François Garde, Petit éloge de l’outre-mer, 57.
Dans la série Petit éloge de… je demande l’outre-mer. Bonne pioche ! Après une kyrielle d’opuscules sur la joie, la colère, la gourmandise, la douceur, la mémoire, la peau, la lecture, la bicyclette, l’héroïsme, et plus récemment le Petit éloge du zen de Sébastien Raizer, Gallimard nous offre un Petit éloge de l’outre-mer sous la plume de François Garde.
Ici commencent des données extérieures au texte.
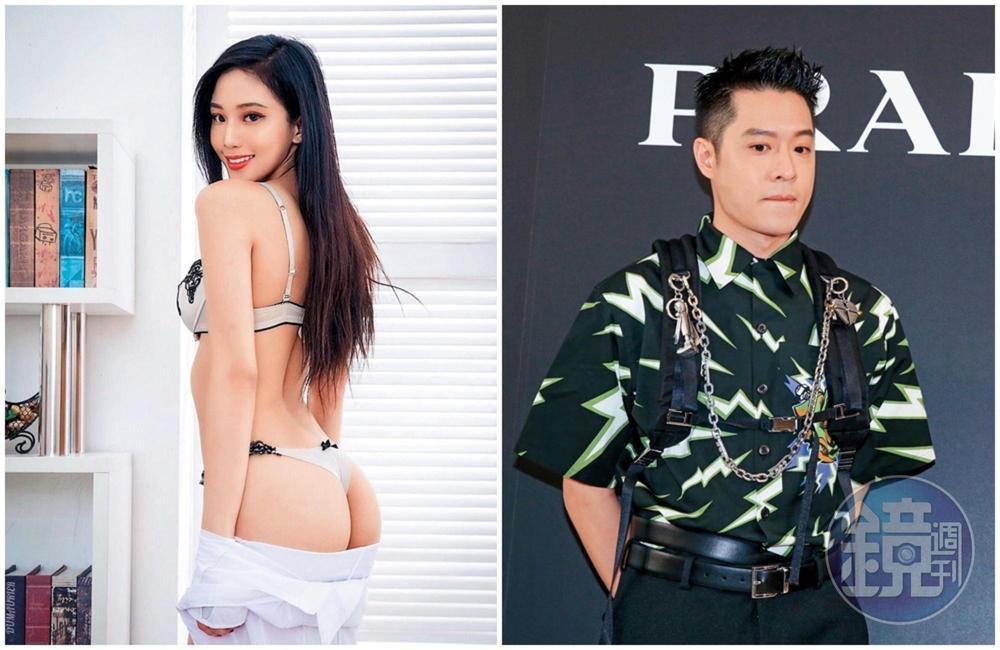 女模Jessie Tsai常在社交通訊軟體上傳性感照,也常分享自己的美臀。(左圖翻攝自Jessie Tsai IG)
Au cours de sa carrière de haut fonctionnaire, François Garde a eu l’occasion de sillonner de part en part cet espace, souvent insulaire, qui « n’existe pas » (16), si ce n’est qu’en tant que « construction politique » (22) ou division administrative de ce qui se situe au delà des mers qui bordent la métropole. Pour être plus précis, il est question dans cet hommage littéraire de la France d’outre-mer.
Lire l’exotisme
Auteur d’un premier roman remarqué et salué par la critique, François Garde a fait l’objet d’un brûlot sous la plume courroucée de l’anthropologue Stéphanie Anderson qui l’accuse d’avoir représenté avec force indélicatesses le peuple aborigène d’Australie dans Ce qu’il advint du sauvage blanc (2012), œuvre de fiction romanesque qui s’inspire en partie de son expérience dans le Pacifique. Se détachant de cette toile de fond, Petit éloge de l’outre-mer a un je-ne-sais-quoi de goût de repentir, de matoiserie qui viserait à redorer un blason quelque peu terni par le portrait éristique aux accents colonialistes que Garde brossa des Aborigènes.[1]Les Outre-mer, comme on dit, c’est tant l’Océanie francophone (dignement représentée par la Nouvelle-Calédonie, la Polynésie française, sans oublier Wallis et Futuna) que des régions ultra-périphériques comme la Guadeloupe, la Martinique, la Guyane, La Réunion, Mayotte, etc.[2], autant de cartes postales qui fleurent bon l’exotisme et les clichés : « Le mélange émollient de chaleur tropicale, de paresse favorisée par la générosité de la nature, de sensualité omniprésente, de liberté des mœurs et d’hospitalité sans limites a fait rêver des générations d’Européens » (21), précise l’auteur.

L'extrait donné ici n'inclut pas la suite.